Forelesning
Articulation and Entanglement: Notes on the “Global Contemporary”
A talk by Professor Andrew Stefan Weiner, from New York University, on relations between aesthetics, politics and media.
Over the last two decades interest in global contemporary art has surged sharply, whether on the commercial market, across the biennial circuit, or in the university. However, the speed of these developments has often outstripped our understanding of how such art might matter. What sort of assumptions about community, historicity, and universality subtend our concept of “the global contemporary”? What risks do we run by using this term without scrutiny? In what ways is the notion of the global contemporary entangled with or even determined by the hegemony of advanced neoliberal capitalism? How might we schematize the conditions under which aesthetics and politics can be most effectively articulated within our current conjuncture?
This talk engages such questions by examining the recent emergence of a hybrid space between art and politics –– the space of forms like social practice and artistic research. It traces the development of this “aesthetico-political” sphere back to the complex cultural politics of 1968 in Central Europe. Focusing on West Germany and Austria, the paper surveys the proliferation of new event forms like Media Actions, which sought to function both symbolically and directly. Moving back to the present, it evaluates the ongoing institutionalization and globalization of aesthetico-political activity. It closes by examining examples of practices that position the history of regional socialisms as a critical counterweight to the ideology of the global contemporary.

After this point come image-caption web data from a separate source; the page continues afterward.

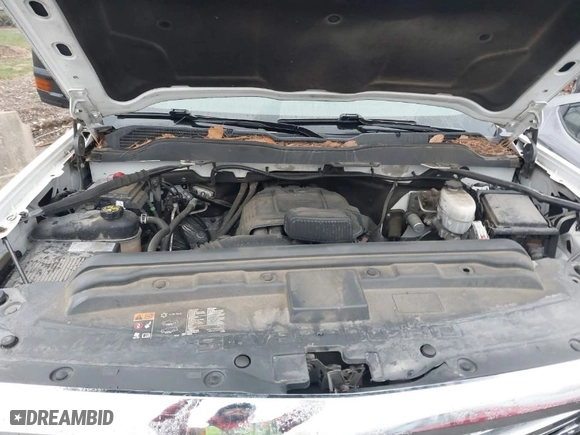 2019 Chevrolet Silverado 2500HD Work Truck with VIN 2GC2CREGXK1137979, listed as a IAAI auction lot 38536415 with 117,068 mi miles. Bid and sale history available at carsss.com. Image 10.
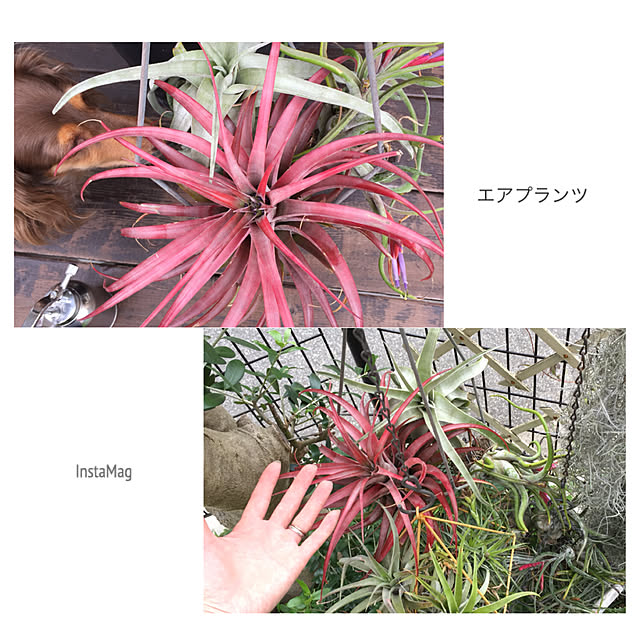 yupponさんの実例写真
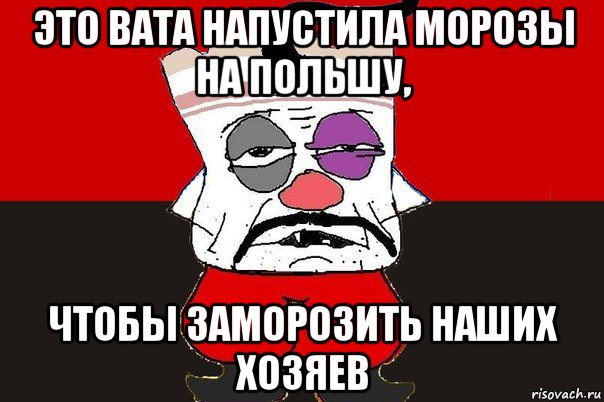 это вата напустила морозы на польшу, чтобы заморозить наших хозяев, Мем ватник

Andrew Weiner is an interdisciplinary researcher whose work aims to theorize and historicize relations between aesthetics, politics, and media. He is Assistant Professor of Art Theory and Criticism at New York University. He received his Ph.D. in Rhetoric from University of California-Berkeley in 2011. He has published scholarly essays in journals including Grey Room, ARTMargins, and the Journal of Visual Culture, and regularly contributes critical writing to Texte zur Kunst; Art Forum, and Afterall.